▶ WORK TO BE COMPLETED:
Exactly as written, retype the lines that run from the line holding "벤츠 A 클래스 A클래스 W176 A200 CDI 스타일 이미지 4" through the end of the records below. Do not include pictures.
========
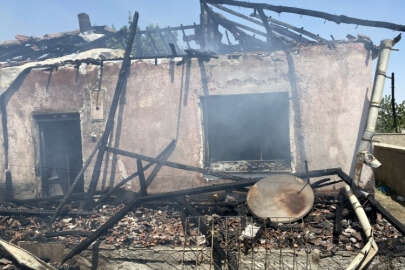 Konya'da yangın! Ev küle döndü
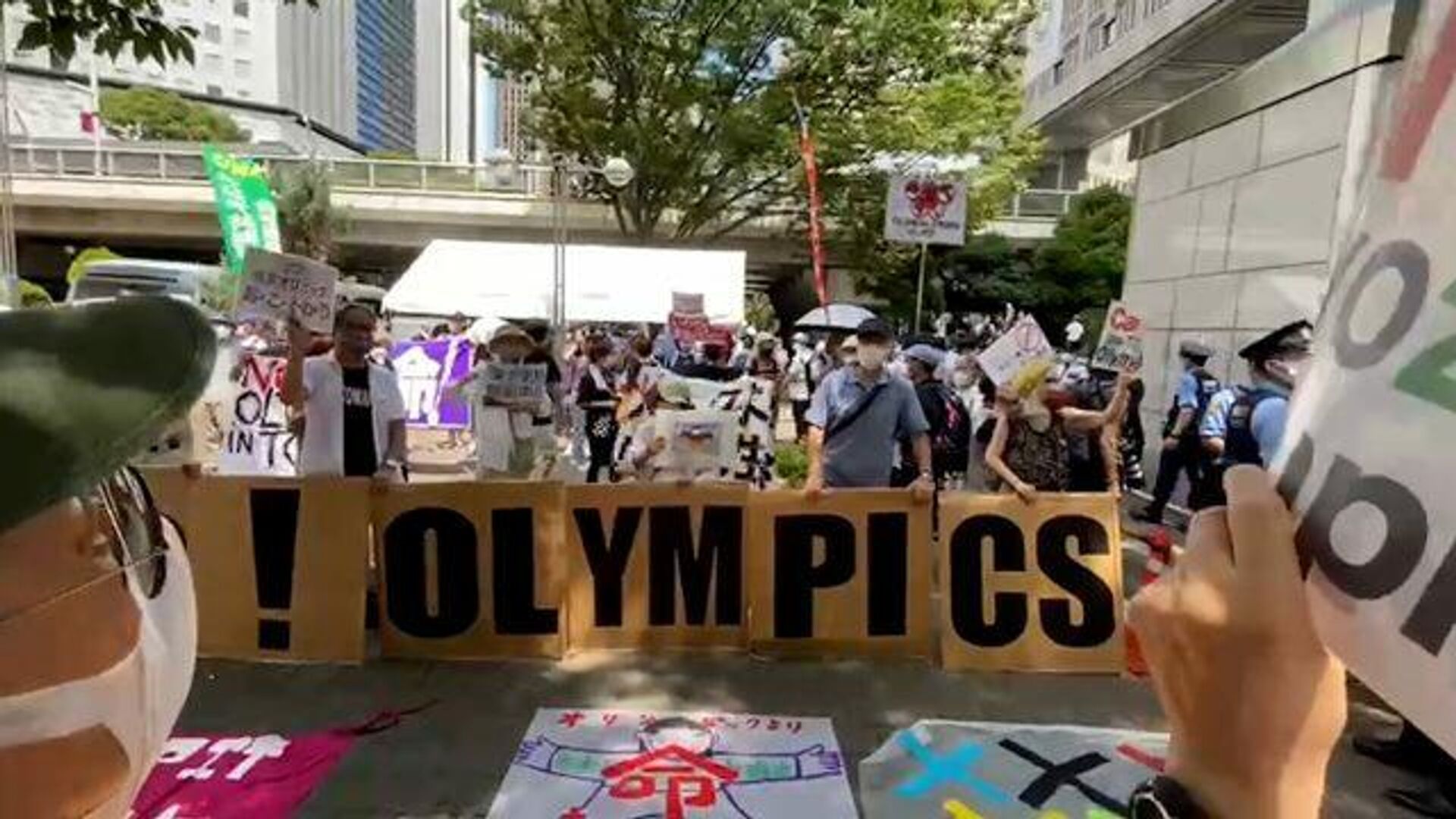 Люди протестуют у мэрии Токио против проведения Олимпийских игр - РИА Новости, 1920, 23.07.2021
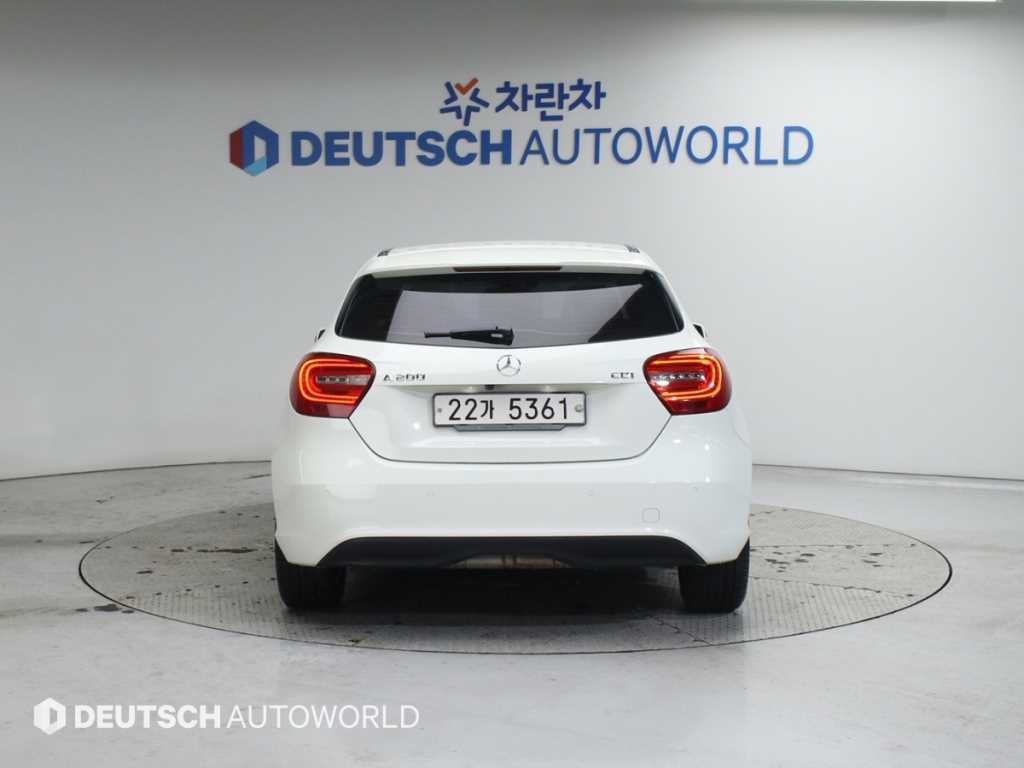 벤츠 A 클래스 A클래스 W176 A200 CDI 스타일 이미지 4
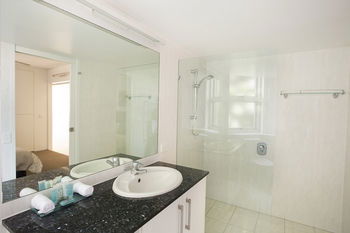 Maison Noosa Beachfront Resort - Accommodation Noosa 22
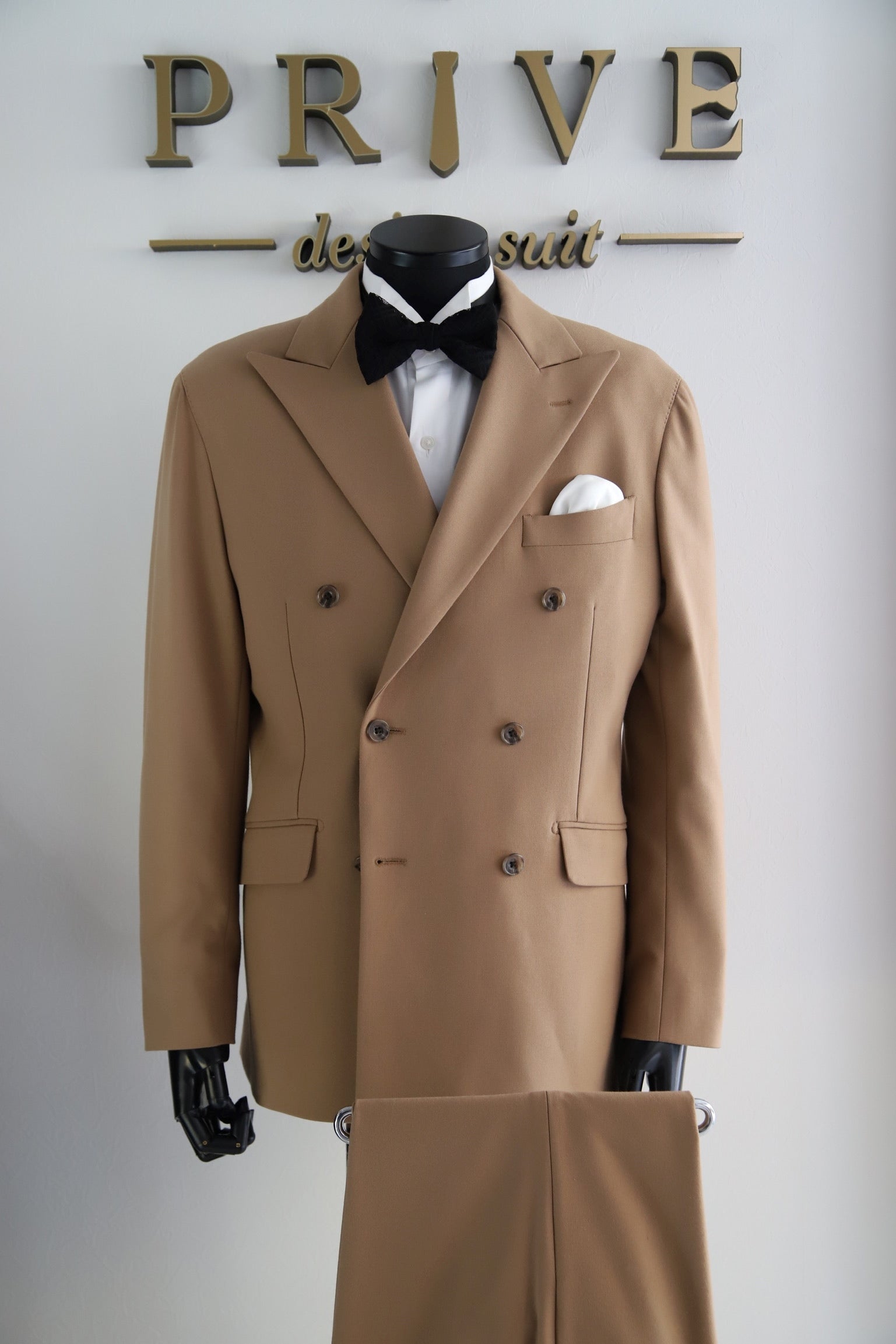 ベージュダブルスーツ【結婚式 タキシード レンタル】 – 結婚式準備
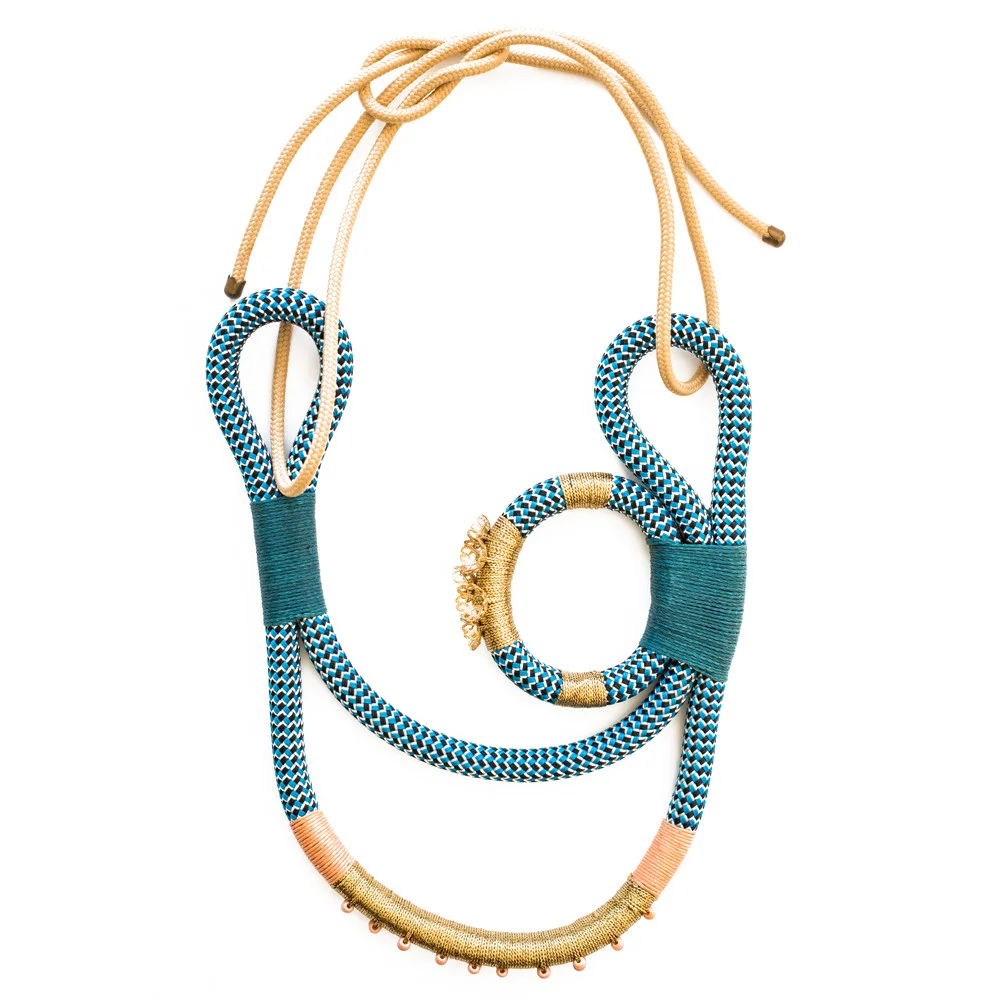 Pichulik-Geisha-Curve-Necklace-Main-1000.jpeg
========
▶ YOUR SOLUTION:
 벤츠 A 클래스 A클래스 W176 A200 CDI 스타일 이미지 4
 Maison Noosa Beachfront Resort - Accommodation Noosa 22
 ベージュダブルスーツ【結婚式 タキシード レンタル】 – 結婚式準備
 Pichulik-Geisha-Curve-Necklace-Main-1000.jpeg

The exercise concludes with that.